- Problem details
Search the records below for "Cotton"; copy each line that has it.

- Data to examine

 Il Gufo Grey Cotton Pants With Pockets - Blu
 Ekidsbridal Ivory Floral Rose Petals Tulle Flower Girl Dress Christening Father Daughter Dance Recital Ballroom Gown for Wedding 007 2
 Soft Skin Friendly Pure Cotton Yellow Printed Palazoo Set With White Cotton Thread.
...
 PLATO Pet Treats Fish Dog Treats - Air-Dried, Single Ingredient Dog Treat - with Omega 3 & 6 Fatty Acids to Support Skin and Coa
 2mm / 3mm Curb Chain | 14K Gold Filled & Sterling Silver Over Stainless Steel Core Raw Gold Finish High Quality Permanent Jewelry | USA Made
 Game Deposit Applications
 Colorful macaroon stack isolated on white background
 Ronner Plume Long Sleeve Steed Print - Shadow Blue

- Exercise output
 Il Gufo Grey Cotton Pants With Pockets - Blu
 Soft Skin Friendly Pure Cotton Yellow Printed Palazoo Set With White Cotton Thread.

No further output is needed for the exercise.